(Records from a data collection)

- - - - - - -

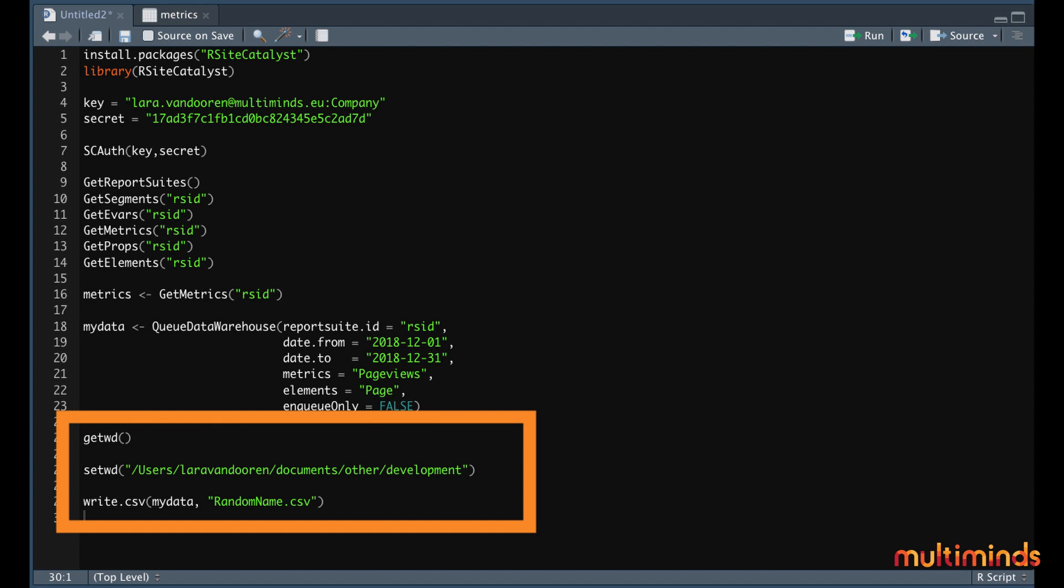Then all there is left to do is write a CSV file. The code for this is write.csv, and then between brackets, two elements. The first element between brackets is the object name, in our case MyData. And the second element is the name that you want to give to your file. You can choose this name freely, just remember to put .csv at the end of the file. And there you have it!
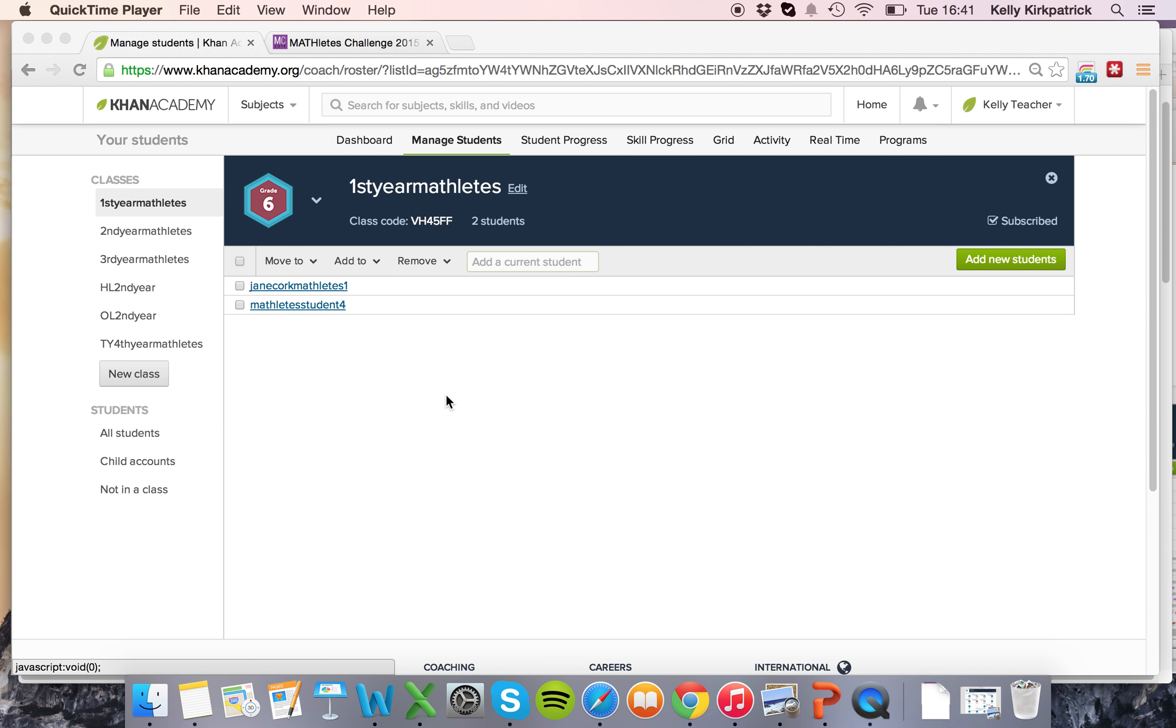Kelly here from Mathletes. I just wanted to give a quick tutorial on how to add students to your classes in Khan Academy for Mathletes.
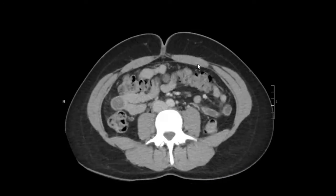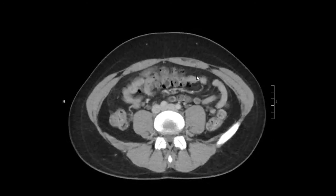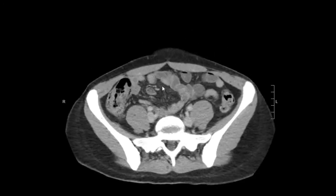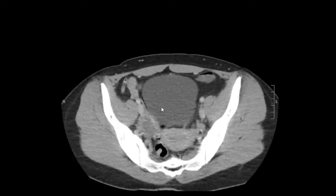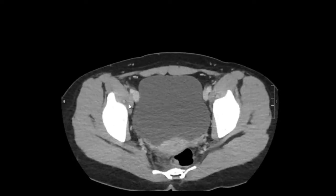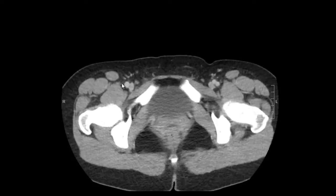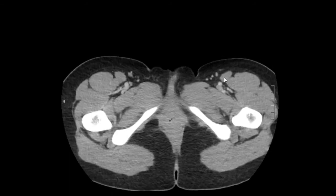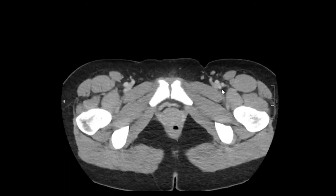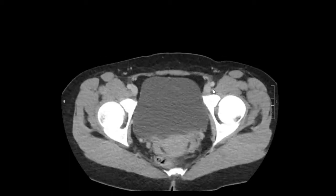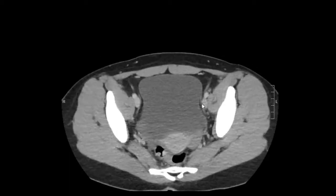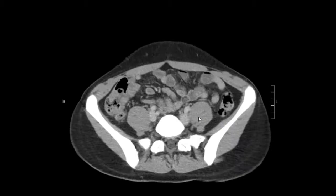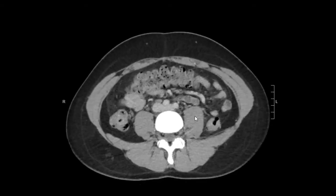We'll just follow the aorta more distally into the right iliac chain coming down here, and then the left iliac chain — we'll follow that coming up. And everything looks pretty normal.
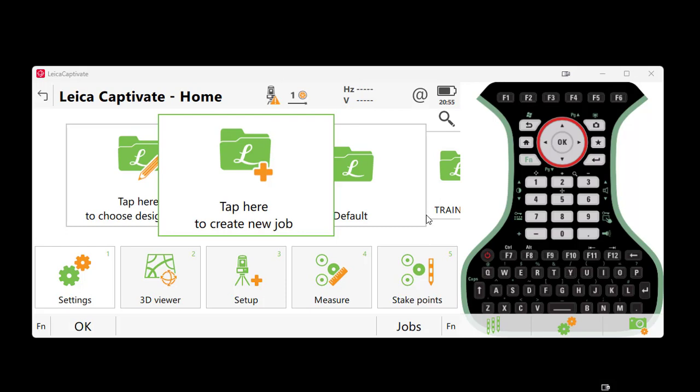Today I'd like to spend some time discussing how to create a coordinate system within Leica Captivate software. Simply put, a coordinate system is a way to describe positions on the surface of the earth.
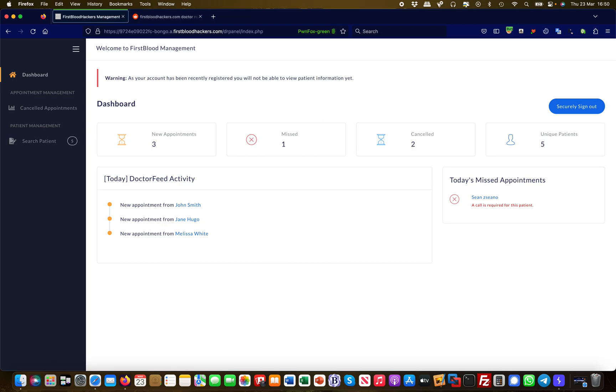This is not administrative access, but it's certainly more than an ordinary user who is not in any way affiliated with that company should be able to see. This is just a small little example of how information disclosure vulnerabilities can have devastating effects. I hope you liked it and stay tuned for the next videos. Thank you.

- - - - - - -

EXERCISE BRIEF – Set down word for word the lines from the opening of the entries above through the line that contains "Kelly here from", and omit every picture.

SOLUTION FOR THIS TASK –
Then all there is left to do is write a CSV file. The code for this is write.csv, and then between brackets, two elements. The first element between brackets is the object name, in our case MyData. And the second element is the name that you want to give to your file. You can choose this name freely, just remember to put .csv at the end of the file. And there you have it!
Kelly here from Mathletes. I just wanted to give a quick tutorial on how to add students to your classes in Khan Academy for Mathletes.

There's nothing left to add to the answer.